Dataset content Block Start

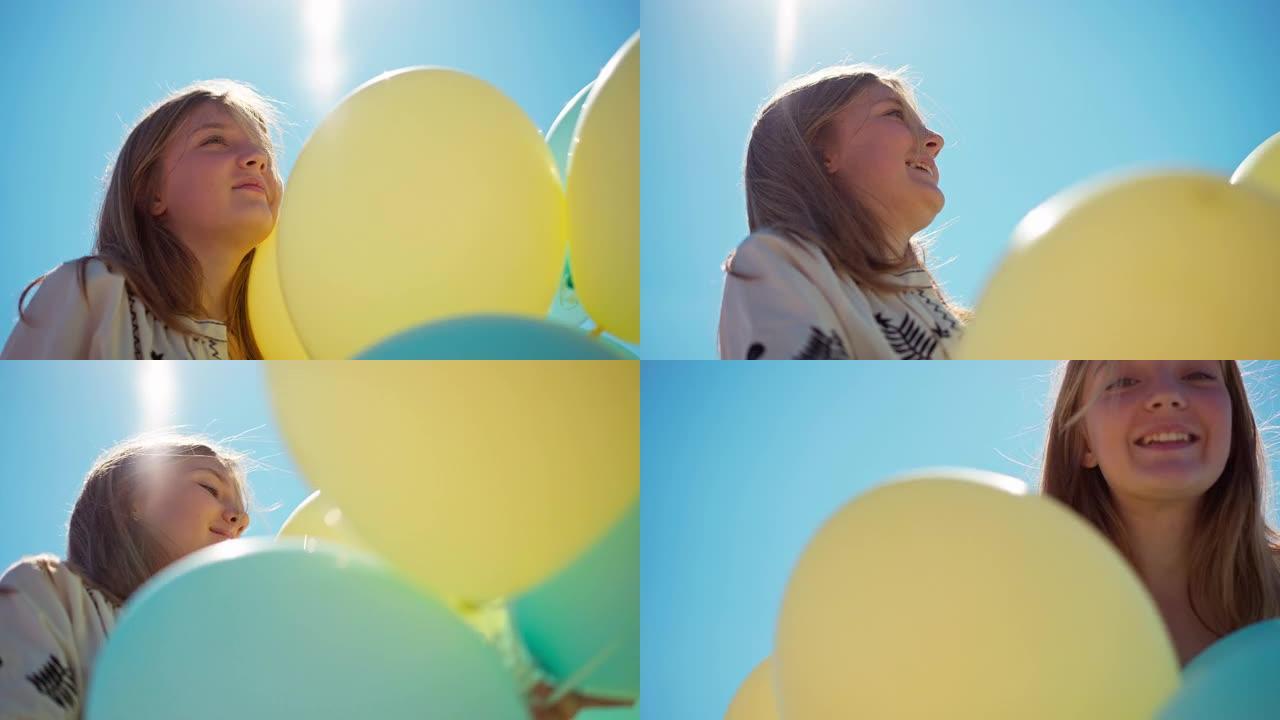底角视图开朗的少女与黄色和蓝色的气球在户外阳光。在无云的夏日春天天空笑的背景下，快乐微笑的少年肖像。
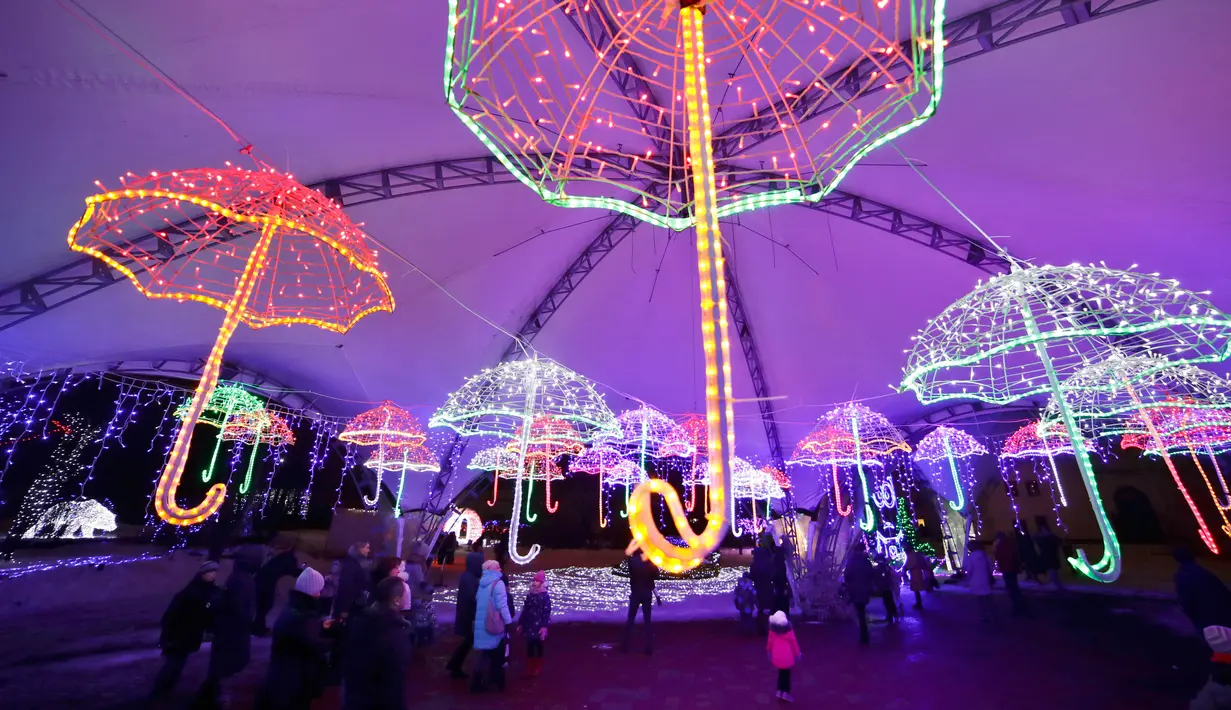 Pengunjung berjalan di dalam hiasan cahaya lampu berbentuk payung di sebuah taman di Minsk, Belarus (28/12). Setelah matahari terbenam, orang-orang berdatangan untuk menikmati pameran cahaya lampu yang dipasang di seluruh taman. (AP Photo/Grits Sergei)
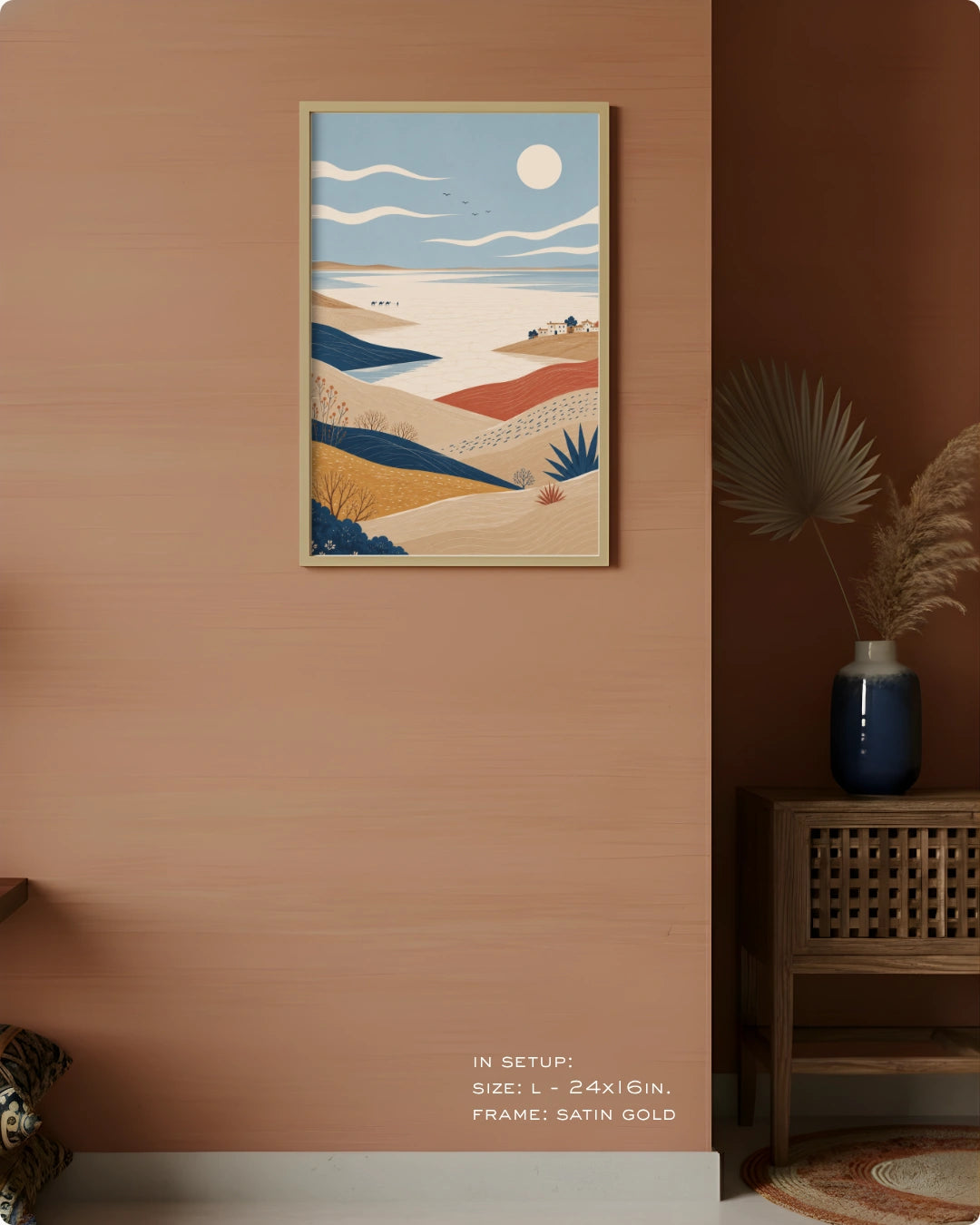 A framed vertical art print depicting a stylized desert landscape with dunes, a blue sea, and a sun, displayed on a warm terracotta wall in a styled interior setting.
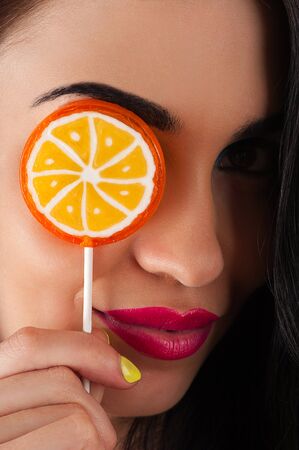 beautiful woman and a bright lollipopの写真素材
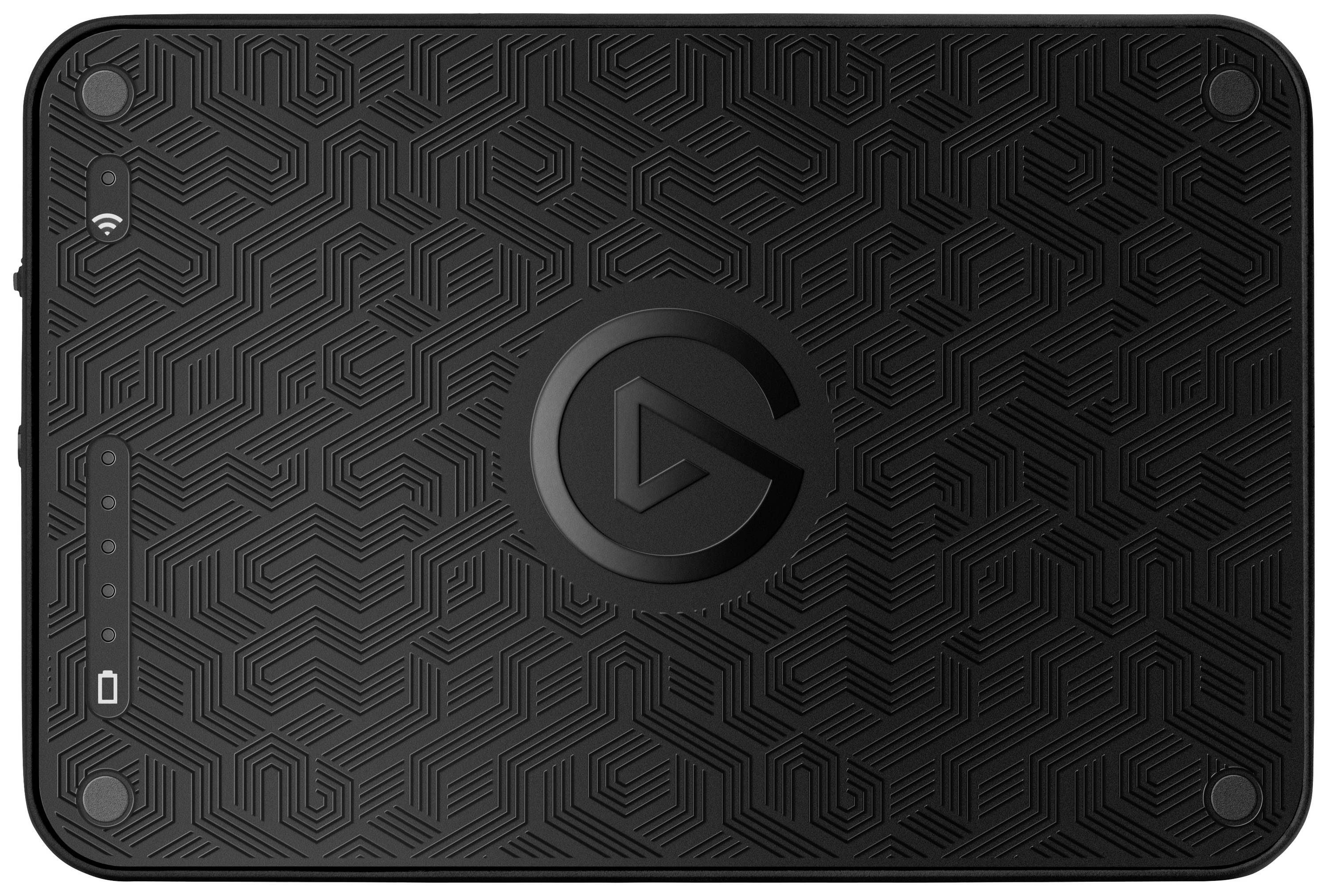 A black device with a textured pattern and a central logo. Several buttons and symbols are located along its side.
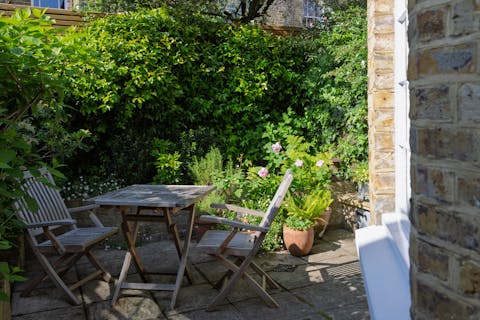 Bask in the summer sunshine with a cuppa in the quaint garden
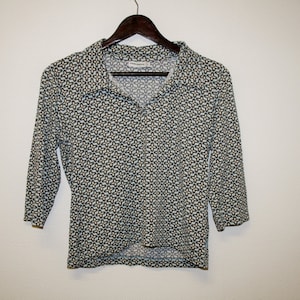 May include: A white, long-sleeved shirt with a geometric pattern in shades of blue and green. The shirt has a collar and a button-up front.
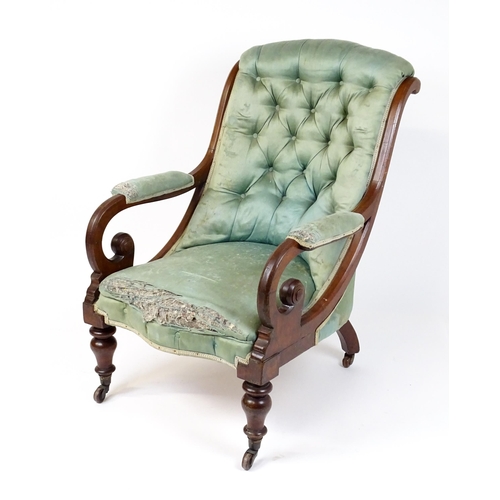 1899 - A Victorian mahogany armchair with a scrolled and deep buttoned backrest above manchettes and a spru... 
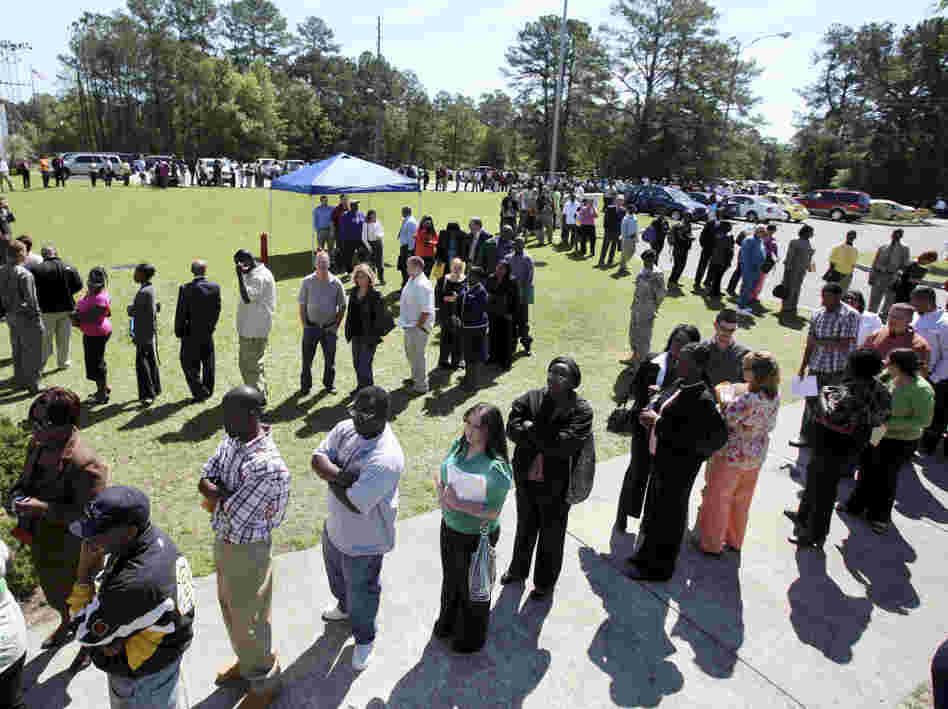 Job applicants stand in a line in Hanahan, S.C., in 2009 as they wait to get into a job fair. Job applicants stand in a line in Hanahan, S.C., in 2009 as they wait to get into a job fair.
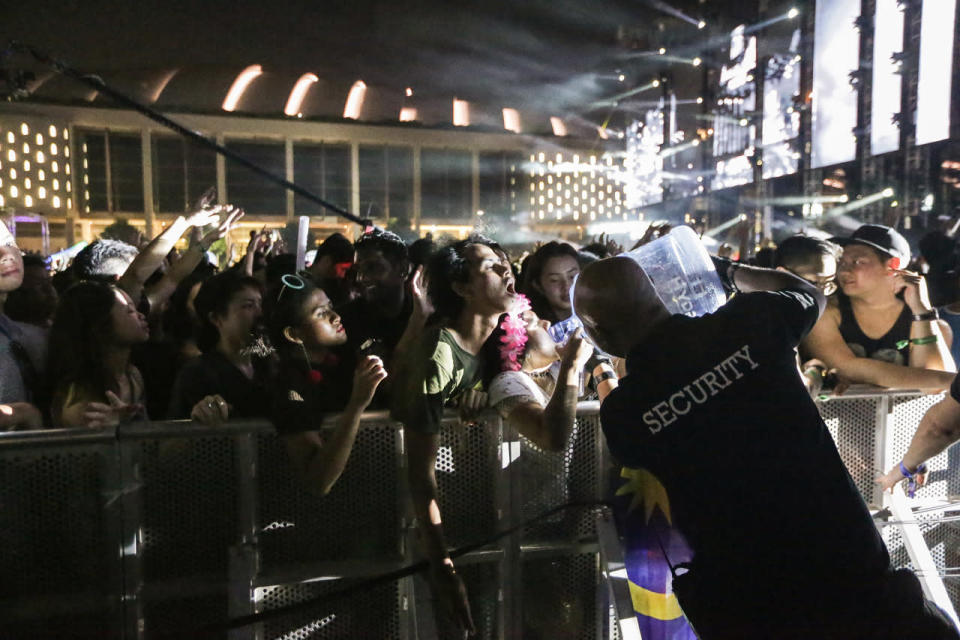 Security guards keeping festivalgoers hydrated at Ultra Singapore. (Photo: Yahoo Singapore)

Dataset content Block End

--- What you should do ---
Without the pictures, give again exactly the lines above starting at the line containing "Pengunjung berjalan di" and ending at the line containing "job fair. Job".

--- Completed task ---
 Pengunjung berjalan di dalam hiasan cahaya lampu berbentuk payung di sebuah taman di Minsk, Belarus (28/12). Setelah matahari terbenam, orang-orang berdatangan untuk menikmati pameran cahaya lampu yang dipasang di seluruh taman. (AP Photo/Grits Sergei)
 A framed vertical art print depicting a stylized desert landscape with dunes, a blue sea, and a sun, displayed on a warm terracotta wall in a styled interior setting.
 beautiful woman and a bright lollipopの写真素材
 A black device with a textured pattern and a central logo. Several buttons and symbols are located along its side.
 Bask in the summer sunshine with a cuppa in the quaint garden
 May include: A white, long-sleeved shirt with a geometric pattern in shades of blue and green. The shirt has a collar and a button-up front.
 1899 - A Victorian mahogany armchair with a scrolled and deep buttoned backrest above manchettes and a spru... 
 Job applicants stand in a line in Hanahan, S.C., in 2009 as they wait to get into a job fair. Job applicants stand in a line in Hanahan, S.C., in 2009 as they wait to get into a job fair.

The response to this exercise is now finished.